TASK TO CARRY OUT → The full listing, minus its pictures, should be printed again exactly as it stands.

(Beginning of DATASET CONTENT)

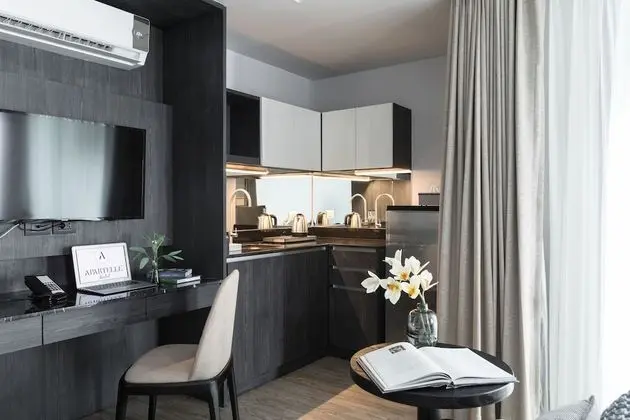 Executive Modern Room
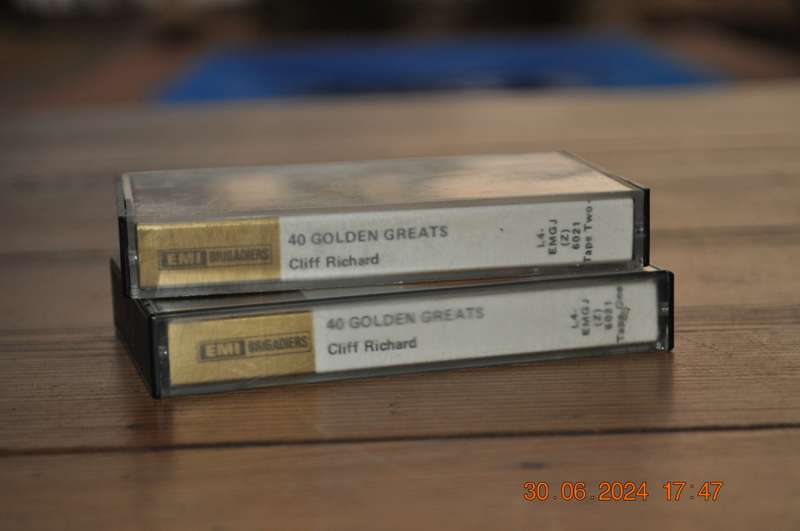 Cliff Richard - 40 Golden Greats (2 Cassettes)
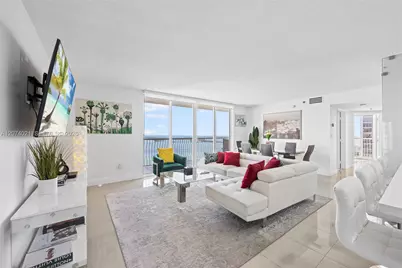 1200 Brickell Bay Dr #3701, Miami, FL 33131 - Photo 2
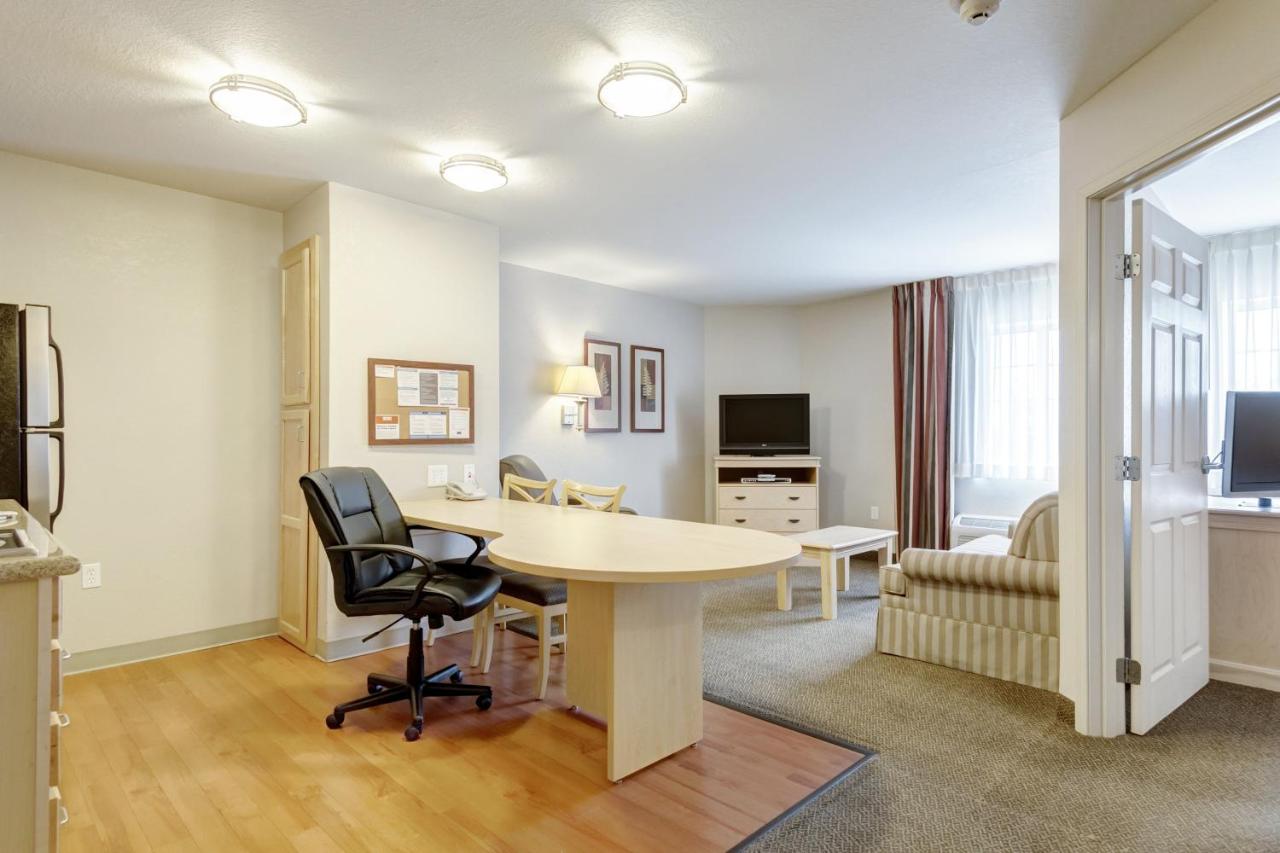 One-Bedroom King Suite - Non-Smoking at Candlewood Suites Paducah, an IHG Hotel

(End of DATASET CONTENT)

REPLY →
 Executive Modern Room
 Cliff Richard - 40 Golden Greats (2 Cassettes)
 1200 Brickell Bay Dr #3701, Miami, FL 33131 - Photo 2
 One-Bedroom King Suite - Non-Smoking at Candlewood Suites Paducah, an IHG Hotel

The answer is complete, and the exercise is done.